Wirtschaft

Rund drei Millionen Kassenbelege sind in Boxen und Säcken bei einer Protestaktion gegen die Kassenbeleg-Pflicht im Handel vor dem Reichstagsgebäude aufgebaut. Der Bayerische Mittelstandsverband (BDS Bayern) fordert die Bon-Pflicht zu kippen. (Foto: dpa/Christoph Soeder)

15.09.2020

Wand der Bürokratie

Bayerische Selbstständige protestieren in Berlin gegen Bonpflicht

Der bayerische Bund der Selbständigen hat in Berlin mit Kisten voller Kassenzettel gegen die seit Jahresbeginn geltende Bonpflicht protestiert. Diese wurde im Kampf gegen den seit Jahren grassierenden Steuerbetrug an Ladenkassen eingeführt. Die Vereinigung baute am Dienstag vor dem Reichstag eine "Wand der Bürokratie" aus Kisten voller Bons auf, wie ein Sprecher sagte. Er geht davon aus, dass sich darin rund 2,5 Millionen Zettel befanden. Die Zahl wurde unter anderem auf Basis des Gewichts geschätzt.

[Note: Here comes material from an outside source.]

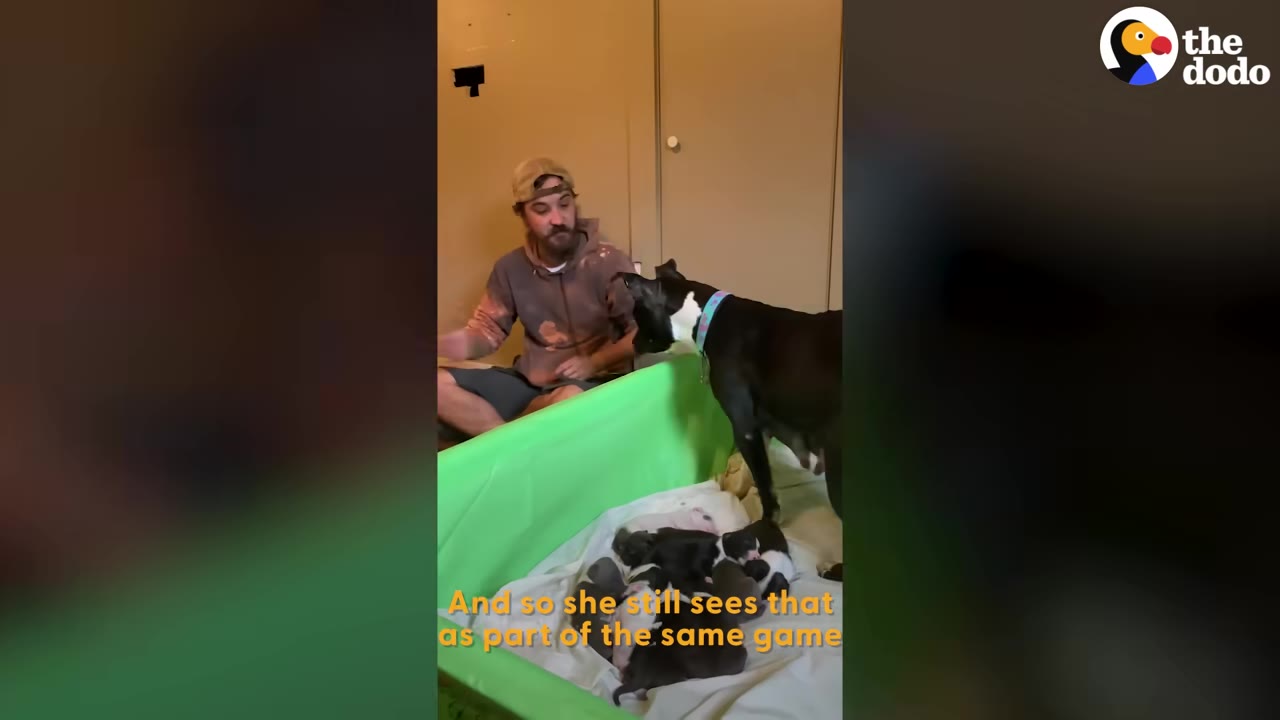 A man sits on the floor next to a green whelping box filled with puppies, holding out his hand to a black dog standing on the edge of the box.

Die seit Januar geltende Bonpflicht ist Teil eines bereits Ende 2016 beschlossenen Gesetzespakets, mit dem Steuerbetrug eingedämmt werden soll. Der Staat verliert hohe Summen, weil Unternehmen ihre Umsätze mit manipulierten Kassen, Schummelsoftware oder fingierten Rechnungen nicht oder falsch erfassen - vor allem in der Gastronomie und in anderen Branchen mit hohem Bargeldanteil.

Die Steuergewerkschaft und einige Bundesländer bezifferten den Schaden in der Vergangenheit auf jährlich etwa zehn Milliarden Euro. In Staaten wie Österreich, Italien, Portugal, Schweden, Slowenien und Tschechien gilt die Bonpflicht laut dem Bundesfinanzministerium schon länger und funktioniere auch. Vor allem Einzelhändler und das Handwerk kritisieren die Regelung aber als bürokratisch.

Die Zettel waren dem Verband zufolge in Geschäften in ganz Bayern gesammelt worden. Der Bund der Selbständigen fordert, die Bonpflicht für Kleinbeträge abzuschaffen.